*YOUR INSTRUCTIONS*: Images in the data are to be skipped, while every line is restated exactly as written.

*DATA SEGMENT*:
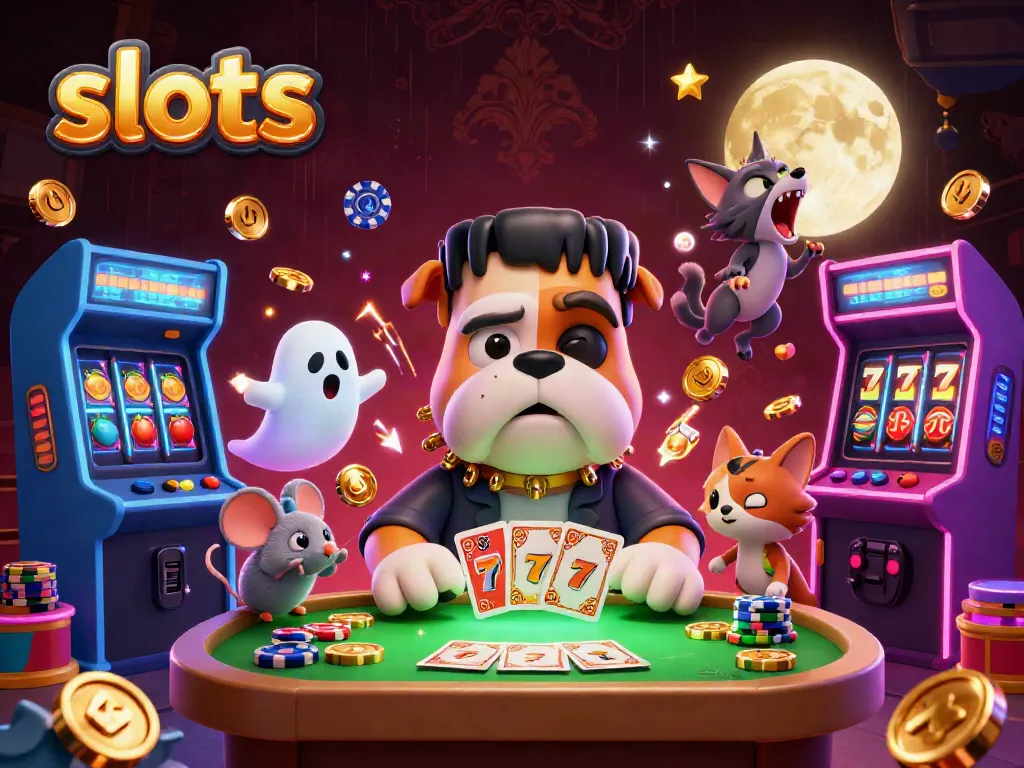 Experience thrilling slots with lively characters at a vibrant casino table setting.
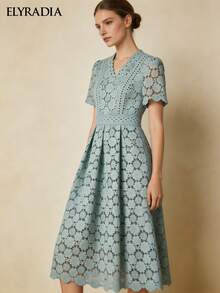 ELYRADIA Vestido midi elegante y casual con cuello en V de encaje, de manga corta, con temperamento elegante, adecuado para ocasiones formales y fiestas - verde menta - Ver 3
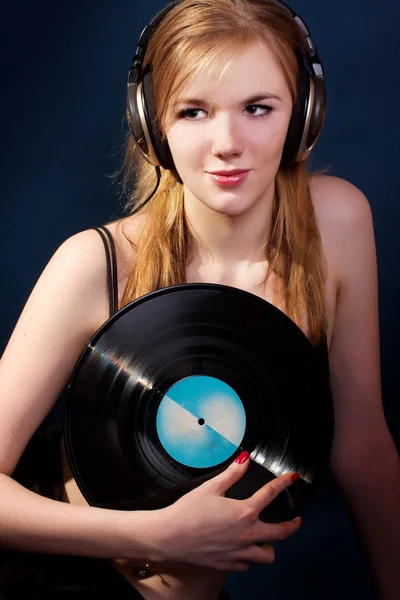 Chica con un disco — Foto de Stock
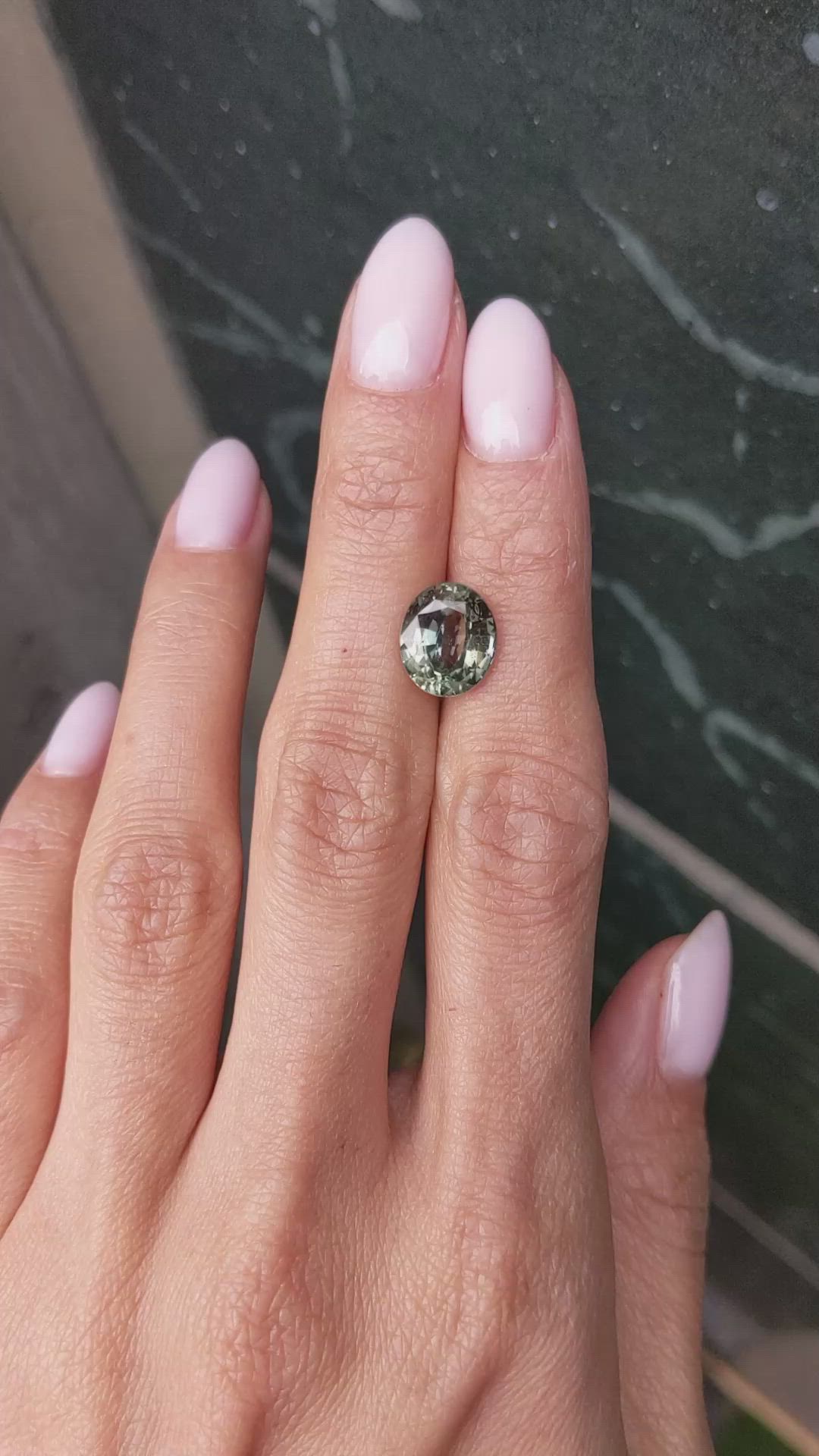 4.95 Ct. Green Sapphire from Madagascar Size Video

*TASK RESULT*:
 Experience thrilling slots with lively characters at a vibrant casino table setting.
 ELYRADIA Vestido midi elegante y casual con cuello en V de encaje, de manga corta, con temperamento elegante, adecuado para ocasiones formales y fiestas - verde menta - Ver 3
 Chica con un disco — Foto de Stock
 4.95 Ct. Green Sapphire from Madagascar Size Video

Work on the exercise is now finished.